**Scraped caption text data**
• • • • •

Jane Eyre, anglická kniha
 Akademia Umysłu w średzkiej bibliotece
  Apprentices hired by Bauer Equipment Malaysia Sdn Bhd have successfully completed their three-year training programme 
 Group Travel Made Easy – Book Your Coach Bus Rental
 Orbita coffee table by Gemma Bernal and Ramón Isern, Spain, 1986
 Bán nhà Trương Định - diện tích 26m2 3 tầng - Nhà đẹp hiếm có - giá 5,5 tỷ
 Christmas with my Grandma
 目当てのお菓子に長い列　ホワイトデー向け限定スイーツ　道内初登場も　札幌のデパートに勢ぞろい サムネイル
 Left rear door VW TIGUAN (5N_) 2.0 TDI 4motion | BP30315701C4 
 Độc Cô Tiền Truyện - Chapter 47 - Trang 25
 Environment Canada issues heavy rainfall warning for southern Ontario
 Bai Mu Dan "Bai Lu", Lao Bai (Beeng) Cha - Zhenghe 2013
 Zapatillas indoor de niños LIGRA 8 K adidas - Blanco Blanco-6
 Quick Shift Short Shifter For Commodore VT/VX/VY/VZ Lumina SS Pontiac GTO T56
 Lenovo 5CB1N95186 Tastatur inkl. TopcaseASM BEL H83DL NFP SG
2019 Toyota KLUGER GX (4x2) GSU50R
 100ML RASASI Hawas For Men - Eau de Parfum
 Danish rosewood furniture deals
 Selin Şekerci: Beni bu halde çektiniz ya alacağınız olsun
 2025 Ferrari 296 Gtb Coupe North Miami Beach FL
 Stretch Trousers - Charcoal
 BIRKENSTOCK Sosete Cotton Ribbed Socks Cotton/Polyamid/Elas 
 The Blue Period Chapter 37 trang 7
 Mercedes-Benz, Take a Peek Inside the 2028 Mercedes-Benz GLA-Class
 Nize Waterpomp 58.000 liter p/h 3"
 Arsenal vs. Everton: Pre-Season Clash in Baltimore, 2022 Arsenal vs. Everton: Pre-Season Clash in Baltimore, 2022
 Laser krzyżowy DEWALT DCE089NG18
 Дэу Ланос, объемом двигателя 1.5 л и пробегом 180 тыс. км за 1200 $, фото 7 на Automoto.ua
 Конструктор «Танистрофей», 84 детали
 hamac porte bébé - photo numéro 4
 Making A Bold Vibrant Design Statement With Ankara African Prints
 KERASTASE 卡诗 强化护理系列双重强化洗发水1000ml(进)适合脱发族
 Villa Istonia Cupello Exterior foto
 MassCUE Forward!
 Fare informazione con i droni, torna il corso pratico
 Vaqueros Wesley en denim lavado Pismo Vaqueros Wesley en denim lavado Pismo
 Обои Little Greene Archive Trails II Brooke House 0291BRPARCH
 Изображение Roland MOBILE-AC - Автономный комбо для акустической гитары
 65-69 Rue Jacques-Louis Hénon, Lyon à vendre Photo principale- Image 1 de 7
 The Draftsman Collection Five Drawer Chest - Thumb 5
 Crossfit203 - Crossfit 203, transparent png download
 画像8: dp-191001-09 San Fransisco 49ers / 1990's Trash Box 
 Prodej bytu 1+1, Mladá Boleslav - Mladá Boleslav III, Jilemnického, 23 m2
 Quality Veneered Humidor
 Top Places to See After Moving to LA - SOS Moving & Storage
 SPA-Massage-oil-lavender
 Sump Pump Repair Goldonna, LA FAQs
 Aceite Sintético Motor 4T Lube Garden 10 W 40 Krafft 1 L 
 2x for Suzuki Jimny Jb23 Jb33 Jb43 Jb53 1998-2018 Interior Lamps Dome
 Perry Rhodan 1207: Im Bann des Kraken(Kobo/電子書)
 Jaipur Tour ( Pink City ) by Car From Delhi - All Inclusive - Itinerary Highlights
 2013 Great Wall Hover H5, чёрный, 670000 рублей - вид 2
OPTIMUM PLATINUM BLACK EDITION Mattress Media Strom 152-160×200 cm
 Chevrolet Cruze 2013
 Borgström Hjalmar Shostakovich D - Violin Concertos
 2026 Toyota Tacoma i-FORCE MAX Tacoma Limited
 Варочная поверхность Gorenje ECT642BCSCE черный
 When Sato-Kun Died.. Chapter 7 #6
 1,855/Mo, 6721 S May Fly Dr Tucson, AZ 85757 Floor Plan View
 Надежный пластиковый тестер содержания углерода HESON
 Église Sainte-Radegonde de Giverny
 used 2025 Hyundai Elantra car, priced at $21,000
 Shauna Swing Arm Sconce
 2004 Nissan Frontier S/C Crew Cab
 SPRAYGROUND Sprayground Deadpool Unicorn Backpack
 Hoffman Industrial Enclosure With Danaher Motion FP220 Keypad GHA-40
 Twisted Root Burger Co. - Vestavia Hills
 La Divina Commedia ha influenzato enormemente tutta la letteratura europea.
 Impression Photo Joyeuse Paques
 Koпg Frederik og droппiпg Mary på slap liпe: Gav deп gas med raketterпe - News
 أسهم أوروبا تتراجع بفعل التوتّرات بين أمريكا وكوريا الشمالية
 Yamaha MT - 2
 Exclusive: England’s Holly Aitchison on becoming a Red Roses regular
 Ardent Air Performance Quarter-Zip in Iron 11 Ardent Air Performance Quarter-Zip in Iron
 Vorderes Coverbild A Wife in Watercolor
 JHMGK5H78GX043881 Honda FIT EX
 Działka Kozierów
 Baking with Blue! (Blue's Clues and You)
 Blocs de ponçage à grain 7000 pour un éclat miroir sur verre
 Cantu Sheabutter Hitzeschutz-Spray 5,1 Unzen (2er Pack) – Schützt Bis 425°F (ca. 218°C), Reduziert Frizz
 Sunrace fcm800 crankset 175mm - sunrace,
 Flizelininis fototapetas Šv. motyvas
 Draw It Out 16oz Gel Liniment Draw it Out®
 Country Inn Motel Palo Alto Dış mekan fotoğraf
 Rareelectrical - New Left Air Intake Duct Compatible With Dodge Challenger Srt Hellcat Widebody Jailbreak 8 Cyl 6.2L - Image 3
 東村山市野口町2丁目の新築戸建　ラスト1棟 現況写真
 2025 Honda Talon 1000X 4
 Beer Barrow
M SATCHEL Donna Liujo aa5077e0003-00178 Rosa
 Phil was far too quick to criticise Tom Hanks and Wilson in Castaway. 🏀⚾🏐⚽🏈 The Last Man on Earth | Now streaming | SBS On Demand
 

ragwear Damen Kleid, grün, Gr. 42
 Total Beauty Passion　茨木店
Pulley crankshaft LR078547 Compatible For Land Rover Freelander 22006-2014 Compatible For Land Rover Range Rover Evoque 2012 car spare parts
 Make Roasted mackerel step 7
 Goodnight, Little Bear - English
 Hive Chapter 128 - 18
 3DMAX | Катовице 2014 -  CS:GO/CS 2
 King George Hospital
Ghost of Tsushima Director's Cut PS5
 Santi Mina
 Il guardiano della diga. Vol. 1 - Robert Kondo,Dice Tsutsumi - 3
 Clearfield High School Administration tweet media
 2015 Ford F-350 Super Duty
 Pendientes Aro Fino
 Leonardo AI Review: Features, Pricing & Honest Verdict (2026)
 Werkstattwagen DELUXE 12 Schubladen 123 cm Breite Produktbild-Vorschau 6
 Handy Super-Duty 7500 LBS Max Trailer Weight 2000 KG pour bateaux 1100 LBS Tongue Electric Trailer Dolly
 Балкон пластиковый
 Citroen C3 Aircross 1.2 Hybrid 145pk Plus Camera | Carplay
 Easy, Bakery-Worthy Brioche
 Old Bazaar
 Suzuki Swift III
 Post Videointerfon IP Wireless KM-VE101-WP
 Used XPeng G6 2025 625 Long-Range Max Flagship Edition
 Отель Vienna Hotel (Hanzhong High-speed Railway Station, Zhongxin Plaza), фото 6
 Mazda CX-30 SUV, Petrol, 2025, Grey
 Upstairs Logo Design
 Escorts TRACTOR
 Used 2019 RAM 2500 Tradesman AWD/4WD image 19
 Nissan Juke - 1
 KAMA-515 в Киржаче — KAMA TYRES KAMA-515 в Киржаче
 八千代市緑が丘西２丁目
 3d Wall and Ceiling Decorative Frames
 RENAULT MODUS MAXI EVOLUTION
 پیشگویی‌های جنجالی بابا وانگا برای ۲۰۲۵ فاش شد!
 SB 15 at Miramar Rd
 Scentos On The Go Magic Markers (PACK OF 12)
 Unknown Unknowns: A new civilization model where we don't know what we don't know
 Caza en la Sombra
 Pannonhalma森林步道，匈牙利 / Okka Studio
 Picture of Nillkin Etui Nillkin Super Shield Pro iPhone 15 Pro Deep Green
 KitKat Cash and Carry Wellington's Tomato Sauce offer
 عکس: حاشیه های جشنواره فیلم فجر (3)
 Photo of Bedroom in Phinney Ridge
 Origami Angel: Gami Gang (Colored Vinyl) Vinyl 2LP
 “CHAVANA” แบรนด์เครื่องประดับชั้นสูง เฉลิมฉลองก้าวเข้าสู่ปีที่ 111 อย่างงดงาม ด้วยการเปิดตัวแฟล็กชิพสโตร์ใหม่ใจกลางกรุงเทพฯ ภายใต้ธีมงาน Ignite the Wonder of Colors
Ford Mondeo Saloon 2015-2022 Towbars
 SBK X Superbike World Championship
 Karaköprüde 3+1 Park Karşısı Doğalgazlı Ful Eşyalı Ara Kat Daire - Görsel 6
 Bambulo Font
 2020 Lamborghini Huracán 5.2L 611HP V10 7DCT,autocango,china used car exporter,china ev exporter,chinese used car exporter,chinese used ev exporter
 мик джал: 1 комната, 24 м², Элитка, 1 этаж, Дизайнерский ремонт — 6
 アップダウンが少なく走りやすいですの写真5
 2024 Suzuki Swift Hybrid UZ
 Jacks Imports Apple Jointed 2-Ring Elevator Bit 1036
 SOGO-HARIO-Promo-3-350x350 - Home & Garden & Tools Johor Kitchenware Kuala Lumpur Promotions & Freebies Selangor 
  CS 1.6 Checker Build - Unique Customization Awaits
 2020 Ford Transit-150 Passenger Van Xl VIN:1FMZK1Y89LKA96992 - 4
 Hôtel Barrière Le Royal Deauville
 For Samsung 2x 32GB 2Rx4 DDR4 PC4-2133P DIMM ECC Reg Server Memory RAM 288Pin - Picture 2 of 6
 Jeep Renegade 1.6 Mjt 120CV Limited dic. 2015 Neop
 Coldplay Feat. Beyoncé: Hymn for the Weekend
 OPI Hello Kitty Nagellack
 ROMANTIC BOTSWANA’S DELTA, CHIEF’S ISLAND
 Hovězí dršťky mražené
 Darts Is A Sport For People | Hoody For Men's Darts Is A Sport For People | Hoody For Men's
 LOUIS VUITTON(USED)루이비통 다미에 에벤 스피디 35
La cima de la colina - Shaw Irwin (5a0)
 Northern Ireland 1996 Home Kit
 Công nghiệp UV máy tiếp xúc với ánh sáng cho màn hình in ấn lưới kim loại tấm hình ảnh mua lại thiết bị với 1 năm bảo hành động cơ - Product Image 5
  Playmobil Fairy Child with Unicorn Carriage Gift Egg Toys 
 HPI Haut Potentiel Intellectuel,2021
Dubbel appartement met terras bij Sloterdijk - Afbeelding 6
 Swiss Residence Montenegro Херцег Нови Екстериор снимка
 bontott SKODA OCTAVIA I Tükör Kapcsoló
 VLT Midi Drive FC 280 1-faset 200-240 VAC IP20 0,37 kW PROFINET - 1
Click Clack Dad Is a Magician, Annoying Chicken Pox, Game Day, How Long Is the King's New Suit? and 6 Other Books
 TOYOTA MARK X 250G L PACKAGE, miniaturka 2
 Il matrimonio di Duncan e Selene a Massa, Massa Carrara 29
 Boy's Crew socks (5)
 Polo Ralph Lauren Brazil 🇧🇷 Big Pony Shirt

• • • • •

**TASK DETAILS**
For the string "Compatible", go through the entries above and copy each line where it occurs.

**EXERCISE RESULT**
 Rareelectrical - New Left Air Intake Duct Compatible With Dodge Challenger Srt Hellcat Widebody Jailbreak 8 Cyl 6.2L - Image 3
Pulley crankshaft LR078547 Compatible For Land Rover Freelander 22006-2014 Compatible For Land Rover Range Rover Evoque 2012 car spare parts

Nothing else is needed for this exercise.